The party is over as the historic release from the Strategic Petroleum Reserve has come to an end and we are already starting to see the damage from Biden’s ill-advised market manipulation. Biden’s anti-fossil fuel agenda and his use of the SPR to cool the price of oil have discouraged investment and are one of the main reasons the Energy Information Administration (EIA) had reduced its projection of shale oil production in the basins for the first time since December of 2022. US crude production is set to fall in August for the first time this year to 9.4 million barrels a day as we are starting to see more signs of peak oil production in the US as rig counts have plummeted.

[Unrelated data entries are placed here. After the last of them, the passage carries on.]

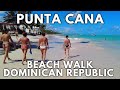 Beach walk punta cana 4k dominican republic bavaro beach caribbean walk vlog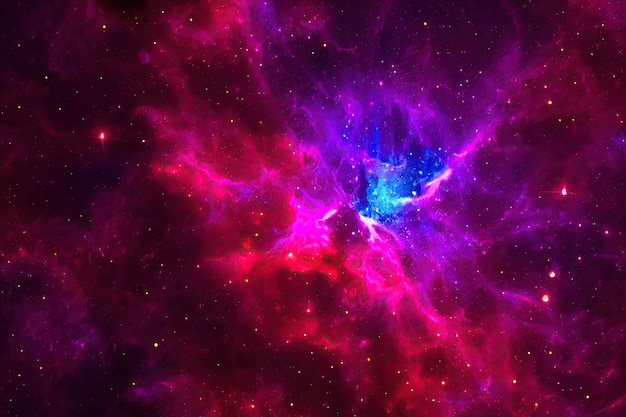 Ruimte achtergrond realistische sterrenhemel kosmos en stralende sterren melkweg en stardust kleur galaxy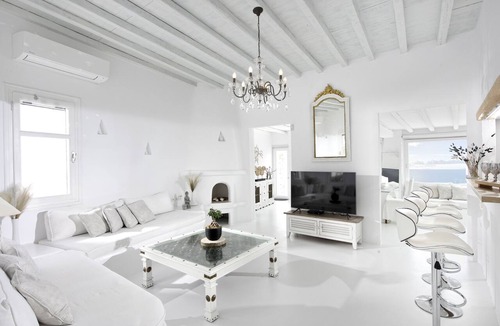 Agios Ioannis Villa | SUPERB LUXURY SUNSET SEA VIEW VILLA POOL-Yoga-Surf by Calypso Sunset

On Friday U.S. energy firms cut the number of oil and natural gas rigs operating for the 10th time in 11 weeks, energy services firm Baker Hughes said in its closely followed report on Friday. The oil and gas rig count, an early indicator of future output, fell by 5 to 675 in the week to July 14. Baker Hughes said that puts the total count down 81 rigs, or 11%, below this time last year. U.S. oil rigs fell 3 to 537 this week, their lowest since April 2022, while gas rigs fell 2 to 133 according to Reuters. 

This comes as US oil inventories, according to JODI, dropped by 10.5 million barrels and as US demand stays strong as consumers are failing to embrace the electric car revolution. That of course may be a good thing because with the recent heat waves, the power grid could not take it and besides there is a much worse impact on greenhouse gas emissions from electric cars for the first 60,000 miles or so. But I digress. The reality is we are seeing our foreign oil dependency rise as we head into the second half of the year where the US could be woefully undersupplied.

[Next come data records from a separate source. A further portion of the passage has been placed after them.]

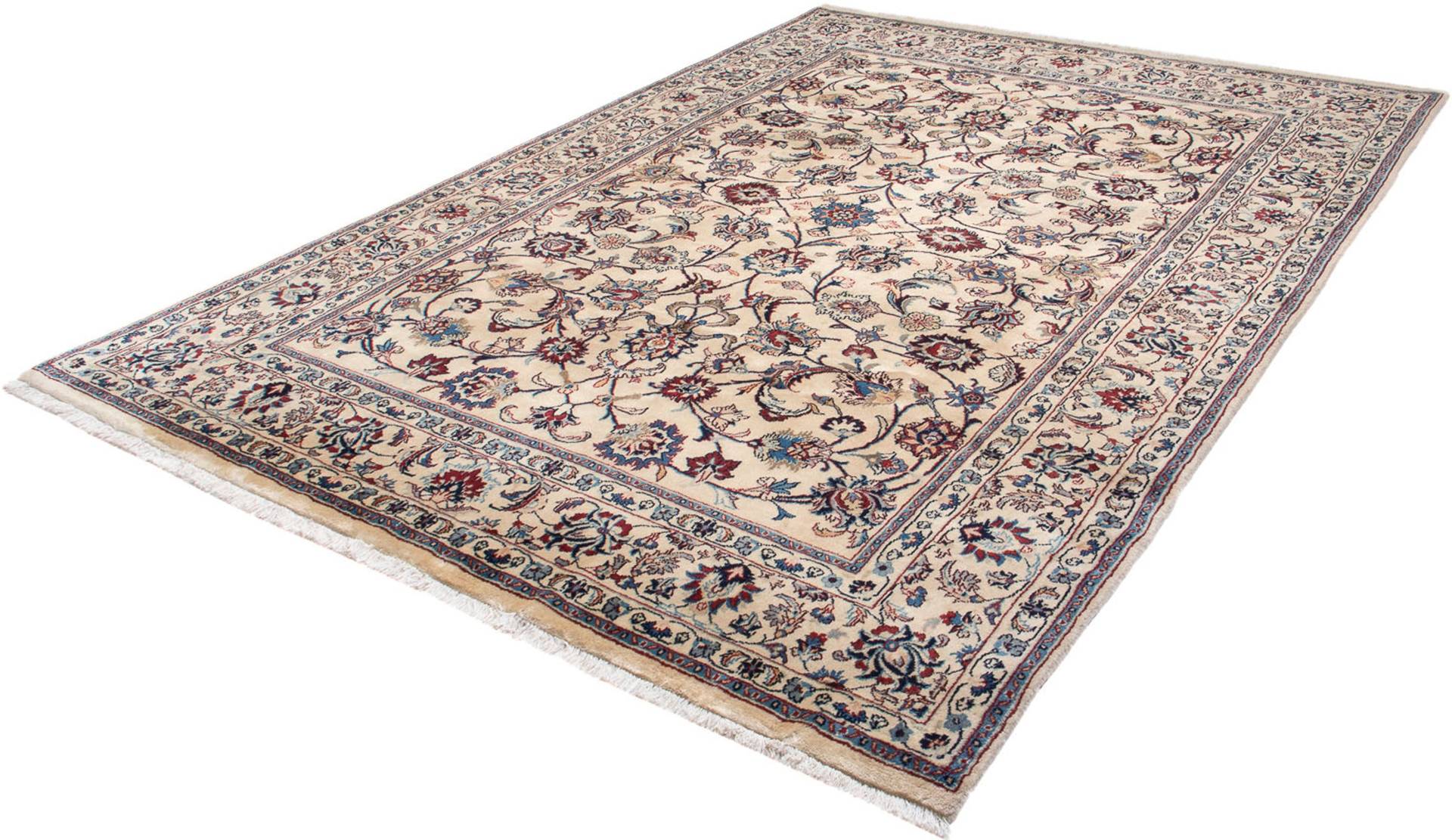 morgenland Orientteppich »Perser - Classic - 277 x 193 cm - beige«, rechteckig, Wohnzimmer, Handgeknüpft, Einzelstück mit Zertifikat von morgenland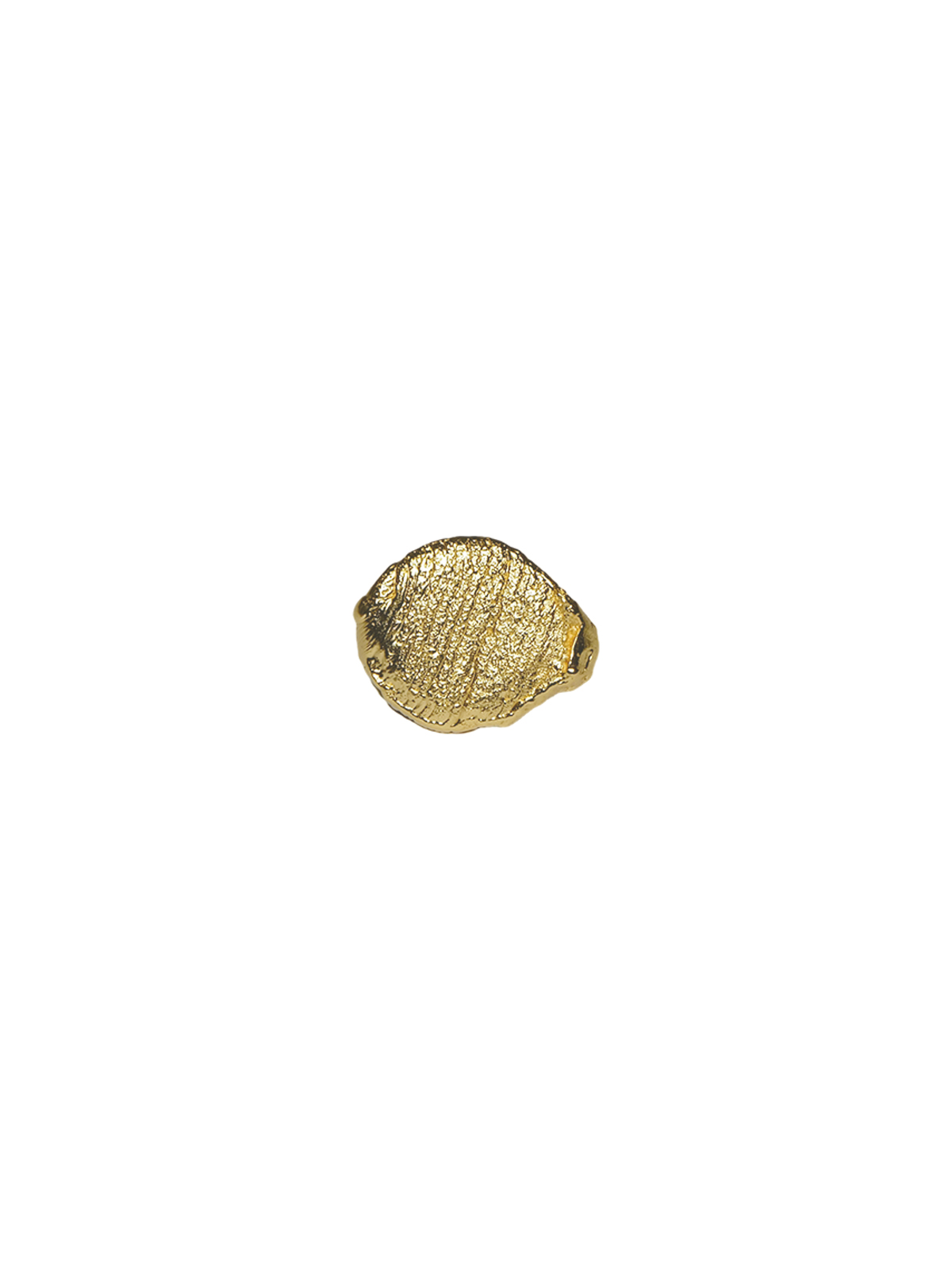 Ginger Loop — Disc Ring (Gold)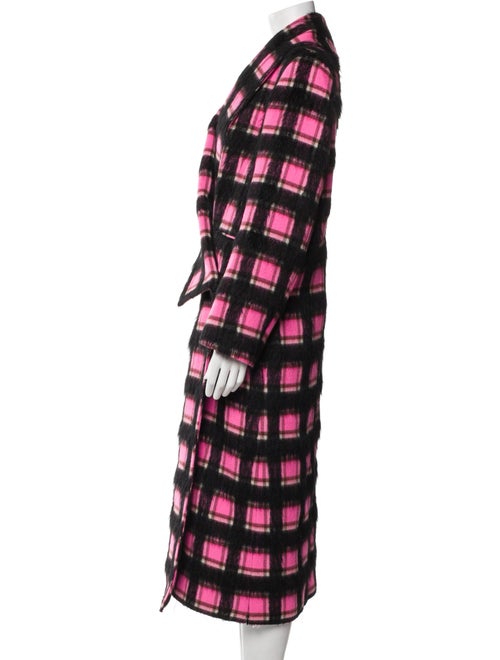 Golden Goose Virgin Wool Plaid Print Coat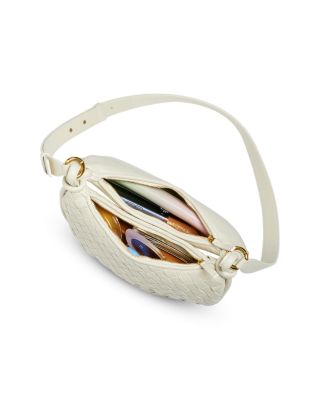 Intrecciato Leather Shoulder Bag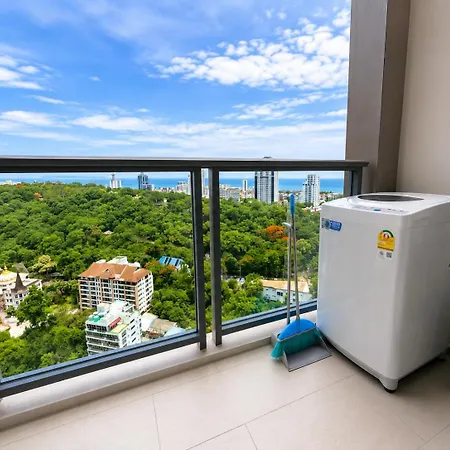 Beautiful Sea View 2br Near Walking Street Apartment *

Yesterday, with the August oil expiration in play, none of that seemed to matter. The main reason for the market weakness, other than Libya’s restarting, was the report of the disappointing Chinese Gross Domestic Product GDP. It was reported that it grew just 0.8% in April-June from the previous quarter, on a seasonally adjusted basis, data released by the National Bureau of Statistics showed on Monday, versus analysts’ expectations in a Reuters poll for a 0.5% increase and compared with a 2.2% expansion in the first quarter. On a year-on-year basis, GDP expanded 6.3% in the second quarter, accelerating from 4.5% in the first three months of the year, but the rate was well below the forecast for growth of 7.3%.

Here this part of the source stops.